Les nouvelles technologies envahissent notre industrie. Comme en réaction, pour sauvegarder un artisanat, entretenir un savoir-faire, des jeunes font un cinéma hors normes en utilisant un matériel obsolète. Pourquoi ce renouveau des anciennes technologies pour faire des films d’avant-garde ? Othello m’a expliqué son plaisir physique à triturer l’image chimique, à utiliser la tireuse par contact… J’ai essayé de comprendre le sens de cette recherche dans un contexte où tout pousse à utiliser le numérique pour retrouver une expression libre.
Est-ce une réaction de jeunesse, une réaction de sens, une réaction politique ?
Il semble qu’il n’y ait pas vraiment un dogme, ni une doctrine, ni une école mais des actions individuelles. Le groupement associatif me semble plus économique qu’idéo ! Quels sont les objectifs défendus par cette génération de cinéastes ? Il faudrait aller plus avant dans les rencontres pour répondre à ces questions.
En tout cas, faire du cinéma expérimental est sûrement un acte de liberté, un acte politique. En cette période où la question de la mémoire de l’affaire algérienne revient au-devant de la scène, bravo d’avoir ouvert ces programmes de films expérimentaux par le film de René Vautier Destruction des archives. On ne peut plus symbolique !
La table ronde. Très brillante présentation du jeune cinéma expérimental par Nicole Brenez. Hélas ! Comme de coutume, l’éternel débat entre cinéma et vidéo s’est enlisé. Les discours sur le support prenant place au sens et à l’expression… Mireille Laplace (2) a remis les pendules à l’heure. Elle a rappelé que des grands cinéastes de recherche comme Marcel Hanoun, Chris Marker où Jonas Mekas utilisent aujourd’hui le numérique comme support…
Je crois personnellement que l’hybridation des textures est aujourd’hui le sujet important et que le métissage des expressions est le vrai sujet.

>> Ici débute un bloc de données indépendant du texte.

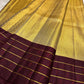 Muted Gold and Deep Plum Handwoven Pure Silk Kanchipattu Saree with Korvai Border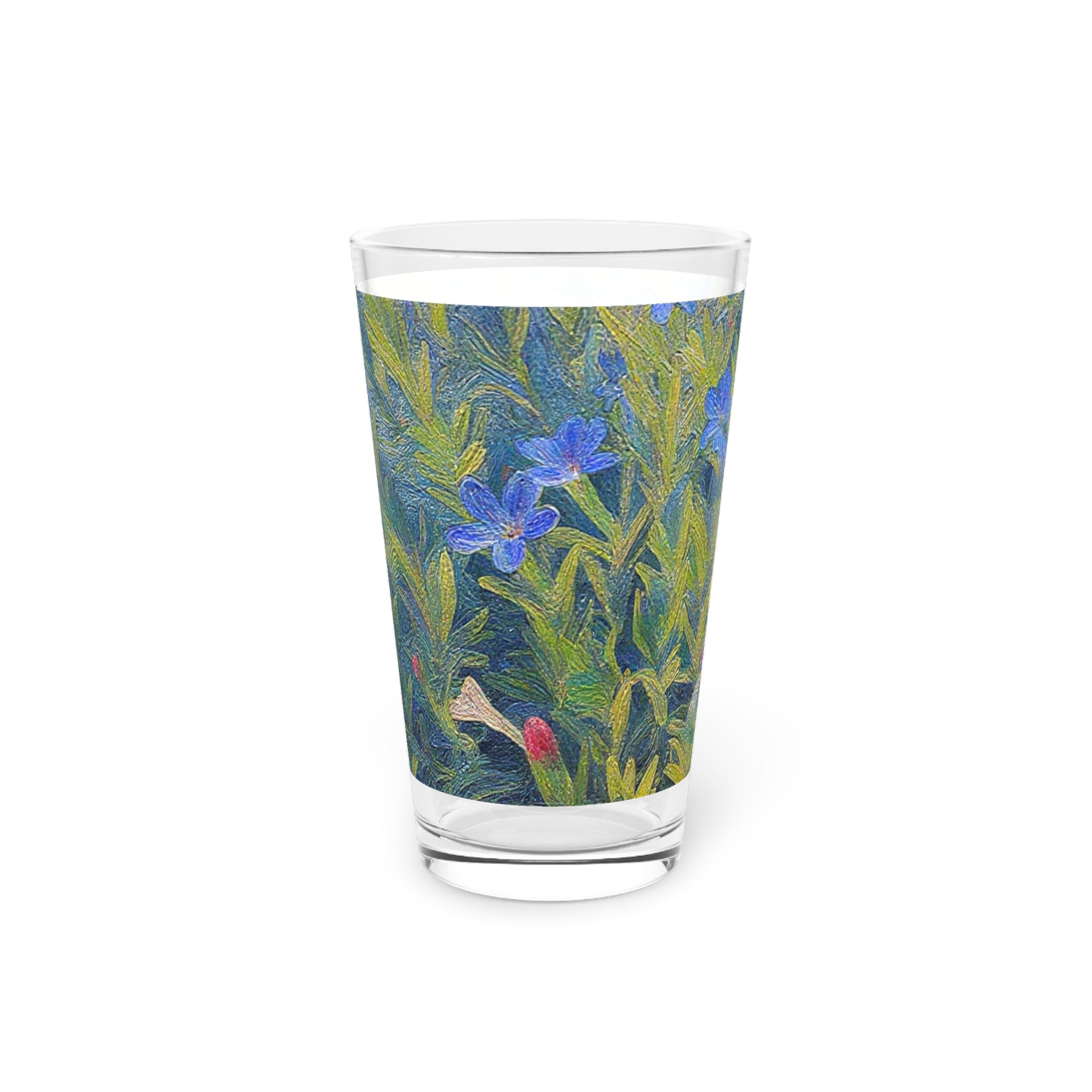 Floral Blue Vinca Pint Glass — 16oz Botanical Beer Glass
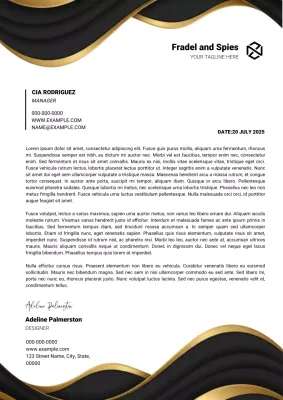 Black and gold modern business letterhead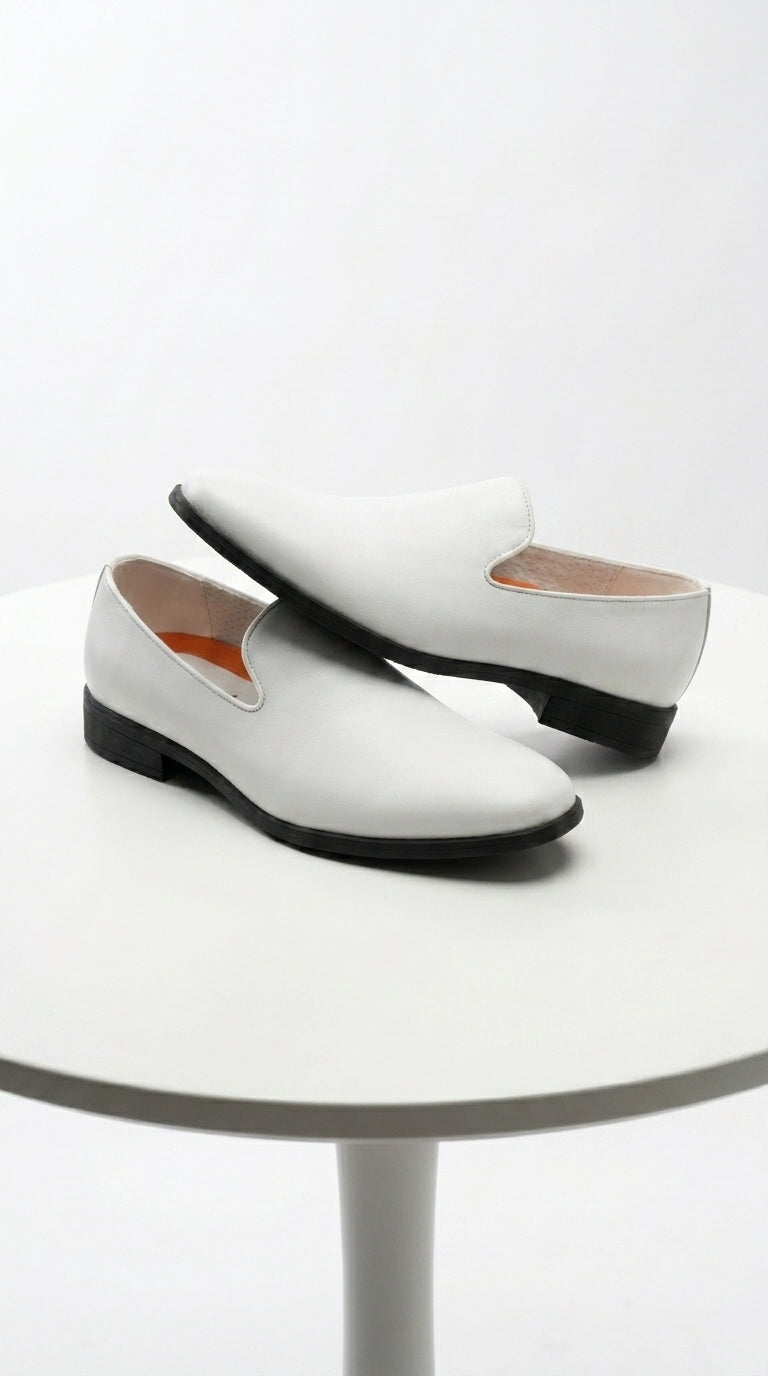Men's White Plain Toe Slip On Loafer Dress Shoes – Classic Formal Lightweight Wedding, Party And Business Wear 6 Standard / D Medium Men's White Plain Toe Slip On Loafer Dress Shoes – Classic Formal Lightweight Wedding, Party And Business Wear 6 Standard / D Medium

En tout cas, ce cinéma de la marge est bien vivant aujourd’hui. Les idéologies semblent se chercher mais le désir, ce qui est le principal, est bien là.
Cette manifestation aixoise en est un authentique témoignage.
Et puis, il faut citer le " Master " JLG : " C’est bien la marge qui tient la page ".
Annick Mullatier, de chez Fuji, nous a tous conviés à un déjeuner fort sympathique et très chaleureux (comme elle sait si bien le faire). Merci pour sa générosité et son aide aux courts métragistes.
J’ai eu le plaisir de remonter ce cours Mirabeau de ma jeunesse et d’aller à la librairie Goulard où je me suis offert le livre de Nicole Brenez.
Sur le chemin du retour, au soleil couchant, j’ai admiré les vignes aux sublimes couleurs automnales, ravi de ce séjour aixois !
(1) Maître de conférence en études cinéma, à l’université de Paris I et auteur de l’ouvrage : Jeune, dure et pure. Une histoire du cinéma d’avant-garde et expérimental en France.
(2) Intervenante programmatrice à l’association " Grains de Lumière " à Marseille.